Web3インフラ開発のAlchemy、ロールアップサービス提供へ
Alchemyがロールアップサービス提供へ
ブロックチェーンインフラ開発企業のアルケミー(Alchemy)が、RaaS(ロールアップ・アズ・ア・サービス)ソリューションとなる「アルケミーロールアップス(Alchemy Rollups)」を6月6日発表した。 このソリューションの使用により開発者は、独自チェーンの立ち上げおよび拡張が可能となっている。 なおロールアップとは、元となるブロックチェーンのセキュリティなどを活用しながら、ガス代(ネットワーク手数料)やネットワークの混雑解消を図るスケーリング技術のことだ。 開発者は、イーサリアム(Ethereum)エコシステムでのプロジェクト構築によるコスト削減のため、レイヤー2ブロックチェーンを選択するケースが増えている。ただしブロックスペースの需要とガス代(トランザクション手数料)が連動することから、採用したL2混雑時にはガス代は上昇し、さらにそのガス代はネットワーク側が徴収する仕組みとなっている。
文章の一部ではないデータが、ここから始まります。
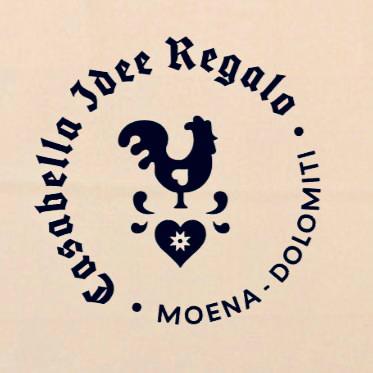 Emblema Casabella: galletto, cuore e stella alpina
またチェーンの構成はL2チェーンが決めており、開発者は自身のプロジェクトに合わせたブロック時間やガス代の制限等カスタマイズは不可能となっている。 そこで今回のようなRaaSを利用し独自チェーンを構築することで、開発者はガス代徴収による収益化やアプリに合わせたカスタマイズが可能となるというわけだ。 発表によると「アルケミーロールアップス」ではOPスタック(OP Stack)とアービトラムオービット(Arbitrum Orbit)といったブロックチェーン開発キットが利用できる他、代替DAレイヤーとしてセレスティア(Celestia)の利用も可能とのことだ。 なおDA(データ可用性)とは、ユーザーがブロックチェーンのデータが正当かどうかを検証する際にブロックのデータを実際に取得し、利用可能にする機能のこと。これにより不正があったトランザクションを誰でも検証し、異議申し立てできるためセキュリティが担保される。 またDAレイヤーはブロックチェーンにデータ可用性を提供するためのモジュールだ。L2ネットワークに対し低コストで提供することを目的として開発されているものが一般的。 現在「アルケミーロールアップス」の提供は審査制となっているようで、ロールアップの展開を1~3ヶ月で立ち上げたい開発者を優先するとのことだ。